In the Guardian today there is a piece introducing us to the latest intellectual liberal who is convinced his Grand Plan for society will succeed where all others have failed miserably before. He comes armed with the most honourable intentions, as is invariably the case, unashamed ignorance of economics (he doesn’t grasp why Professors are paid more than cleaners) and a “wealth of empirical evidence”.
The Guardian’s Anthony Andrew writes:
“Rutger Bregman is a 28-year-old Dutchman whose book, Utopia for Realists, has taken Holland by storm and could yet revitalise progressive thought around the globe. His solutions are quite simple and staunchly set against current trends: we should institute a universal basic income for everyone that covers minimum living expenses – say around £12,000 a year; the working week should be shortened to 15 hours; borders should be opened and migrants allowed to move wherever they choose.“
A Universal Basic Income (UBI) is usually touted as an alternative to means-tested welfare, which advocates argue would be less costly to taxpayers and less incentivising of idleness – a way of achieving the same ends but with less negative impact on economic productivity.

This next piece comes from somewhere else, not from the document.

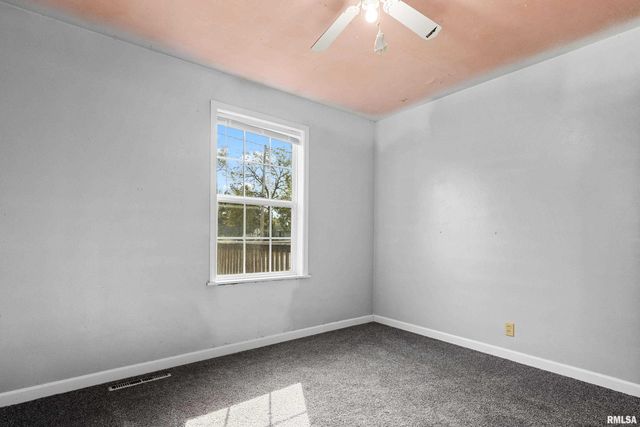 443 W WILMOT Street, Chillicothe, IL 61523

Whether UBI’s would be better than the status quo is hotly debated in economic circles, but Bregman isn’t interested in it as an economic welfare reform anyway. He sees UBI as a way of giving people the ‘freedom’ to stop having to work jobs they think are “useless” and of enabling them to “live the lives they want to live.”
There are two simple but politically profound questions, which it never occurs to liberals hellbent on doing social good to ask. These are: who gets to decide? And why? In this case: why does Bregman get to decide the maximum amount of hours everyone can work for in exchange for money? Why isn’t it the individuals themselves? Our societies, through common law, grant individuals the right to freedom of property and person, after all. So why, in this regard, would it be okay for the government to essentially remove these rights?
Why should Bregman (or in political terms, a gang of intellectuals wielding state power) have ultimate authority in the matter of deciding the most hours a person should work in a week? Why should it be someone else and not you who gets to be the final arbiter?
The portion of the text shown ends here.